Northwest Dance Theatre
April 12, 2025 — 2pm Matinee
Portland Community College Sylvania, Portland, Oregon

Music by Sergi Prokofiev
Choreography by June Taylor-Dixon
Choreography for Meadow by Kim Schroeder

The red curtain at PCC Sylvania held the room in a steady wash of light. The theatre was not grand, and it did not attempt to be. Rows of black seats. A low stage. The quiet acoustics of a college performing arts center built for recitals, lectures, and community productions.

It felt functional. Familiar. Built for use.

Last Saturday (April 12, 2025), Northwest Dance Theatre — a youth ballet company for dancers ages 13–18, founded in 1988 and rooted in pre-professional training across the region — presented Peter & The Wolf, Sergei Prokofiev’s 1936 symphonic tale, in a staging that matched the room: modest, direct, sincere.

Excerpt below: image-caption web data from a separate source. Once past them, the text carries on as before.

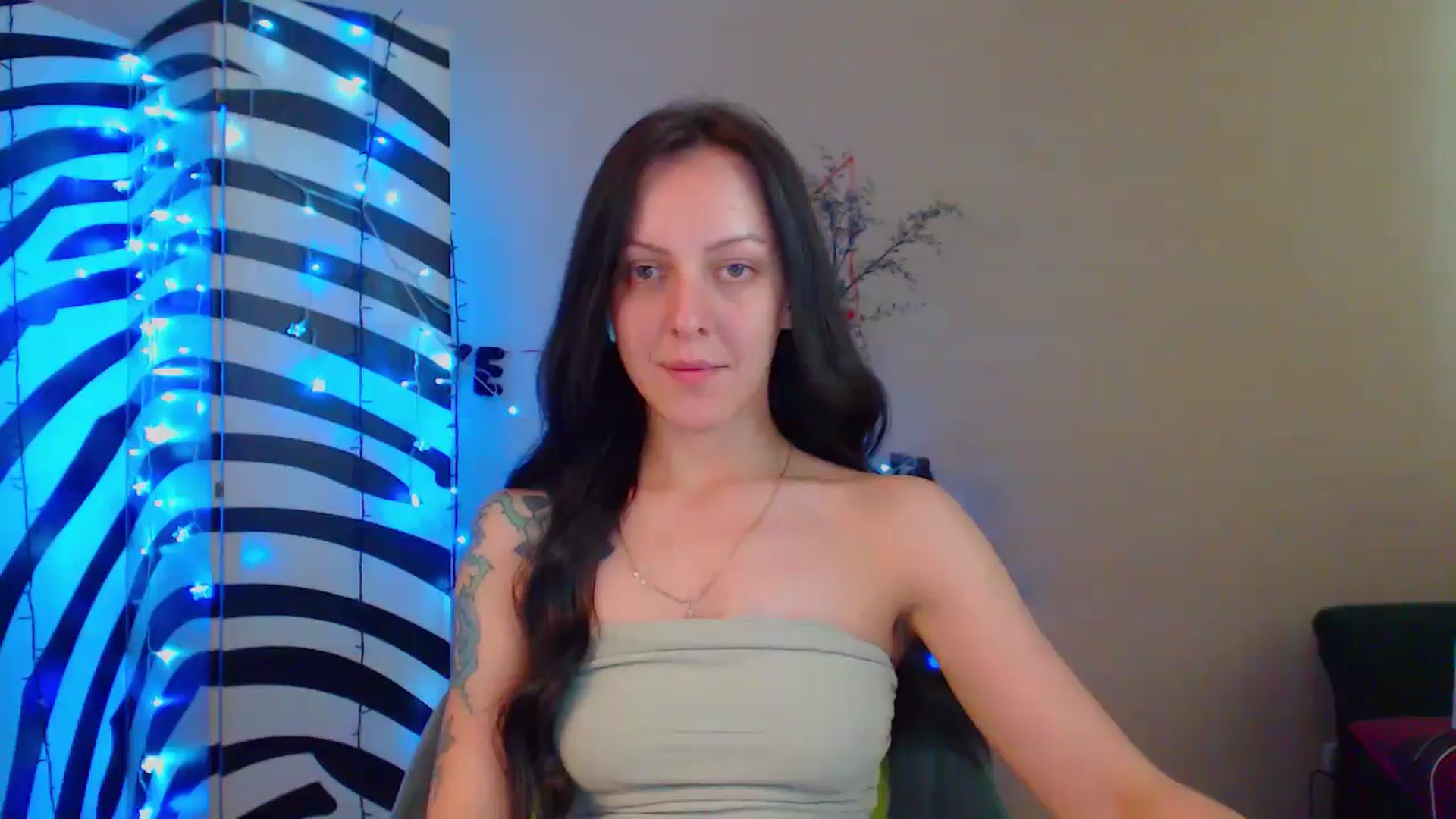 Gallery image thumbnail from MiracleMiss's myfreecams stream on, 06/27/2024, 13:26 image 1 of 20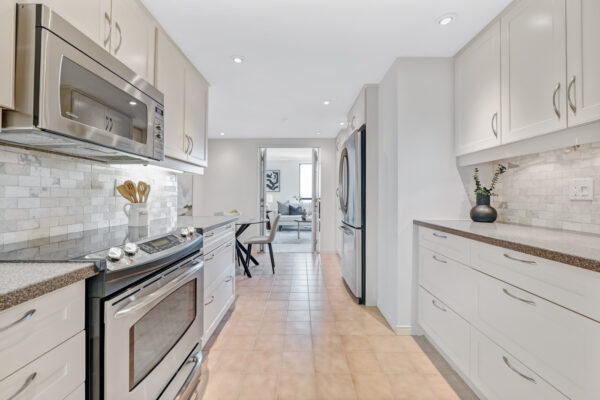 1-Concorde-Place-#1004-Toronto-Web-Salisbury-32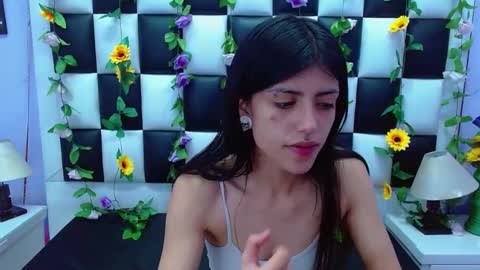 morganasmit_ online show from February 4, 1:27 pm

The score and narration were prerecorded, carried through the theatre speakers with calm clarity. Without a live orchestra commanding attention, the dancers became the primary instrument. Each familiar motif — strings for Peter, woodwinds for the bird, low brass for the wolf — translated into physical vocabulary. Gesture replaced instrumentation. Posture replaced timbre.

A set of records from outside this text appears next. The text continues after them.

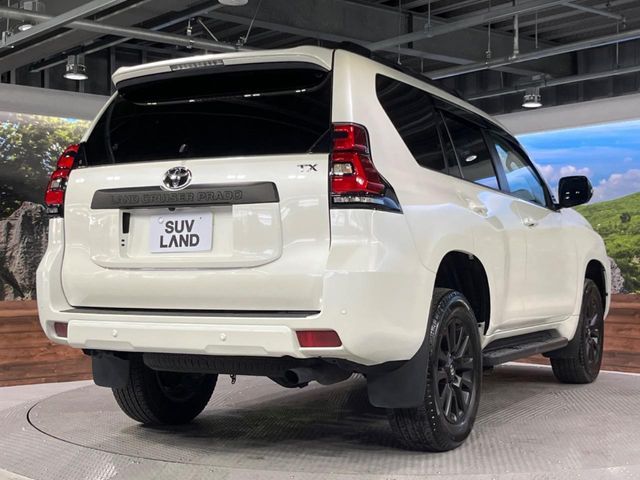 TOYOTA LANDCRUISER PRADO 2023 Image 31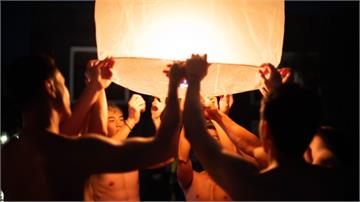 《誰在看著我們》演員全裸放天燈！警察到場盤查 驚險過程全曝光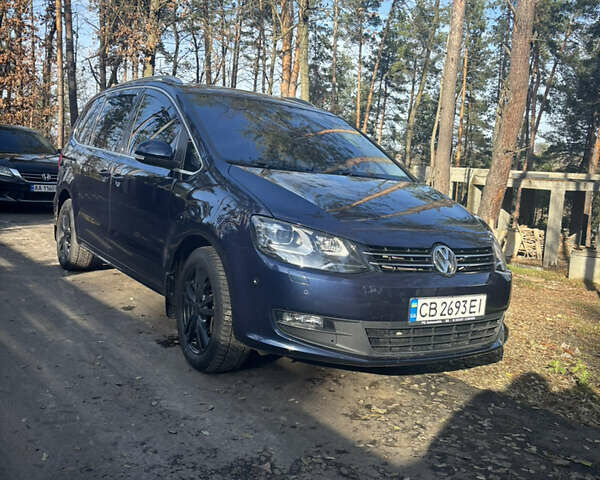 Синий Фольксваген Шаран, объемом двигателя 2 л и пробегом 188 тыс. км за 16700 $, фото 1 на Automoto.ua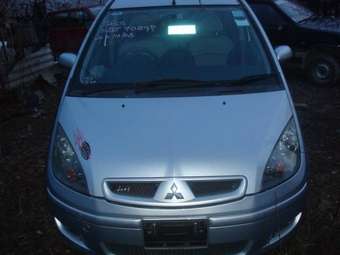 2003 Mitsubishi Colt Photos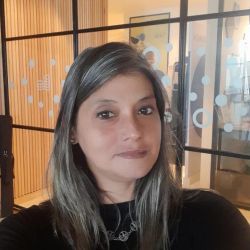 Dra. Débora Juárez: Transformando vidas con educación financiera | Foto:CEDOC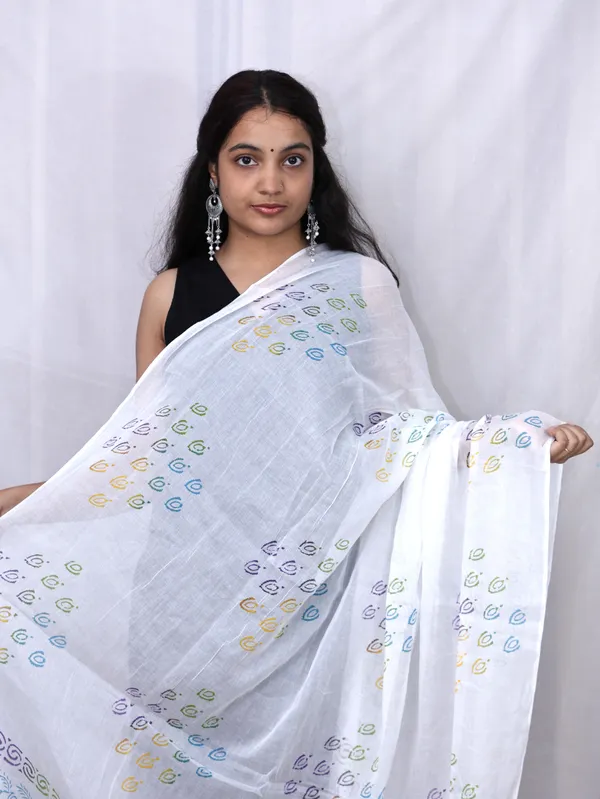 White_Cotton_Premium_&_Elegant_Dupatta_For_Women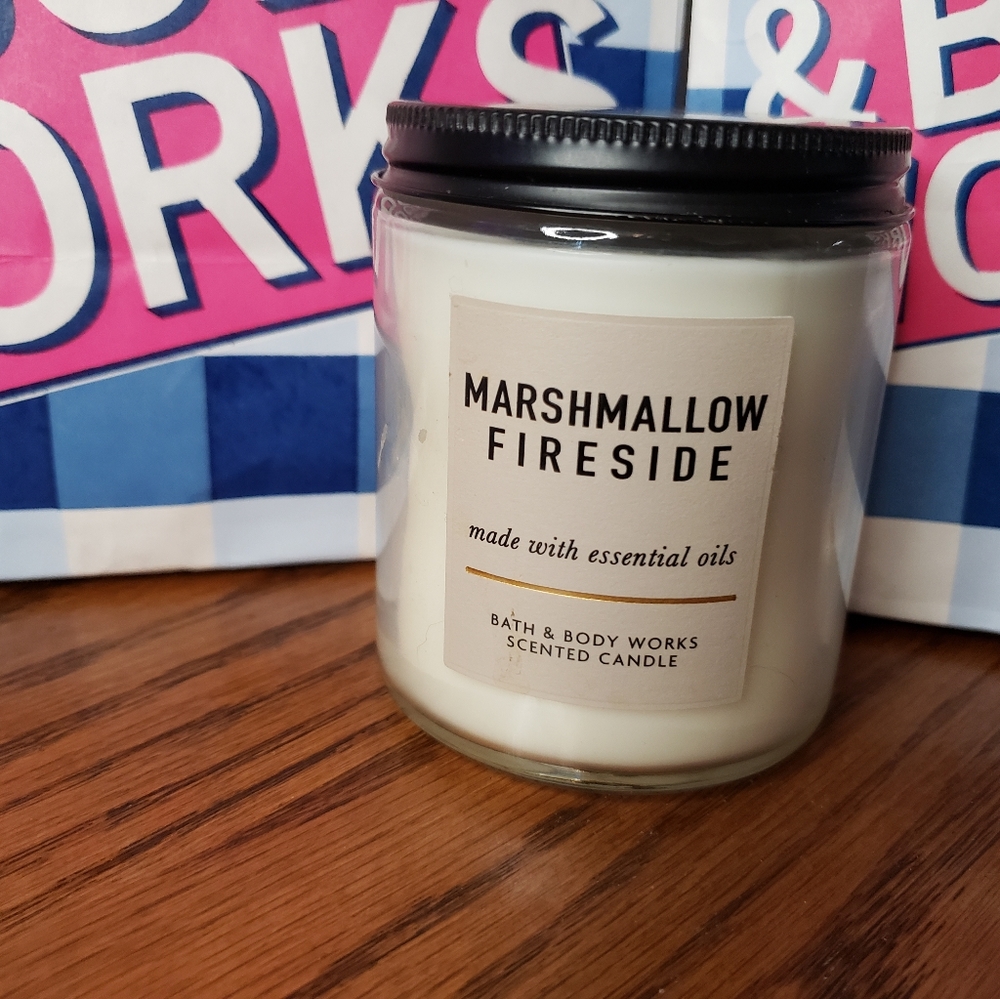 Bath & Body Works | 1-Wick Marshmallow Fireside Candle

The choreography for Peter & The Wolf was shaped by June Taylor-Dixon, a longtime artistic presence in regional dance. The companion piece, Meadow, was choreographed by Kim Schroeder. The cast was composed primarily of girls, reflecting the training ground from which the company grows. The story remained intact; the bodies telling it were grounded, focused, and clear.

The music itself was not new to me. I grew up listening to the recording conducted by Eugene Ormandy with The Philadelphia Orchestra, narrated by Cyril Ritchard — a version that lived quietly in the background of the 1990s, its phrases so familiar I can anticipate their turns. That recording shaped how I hear the story: the bright insistence of the bird, the comic pacing of the duck, the low brass shadow of the wolf.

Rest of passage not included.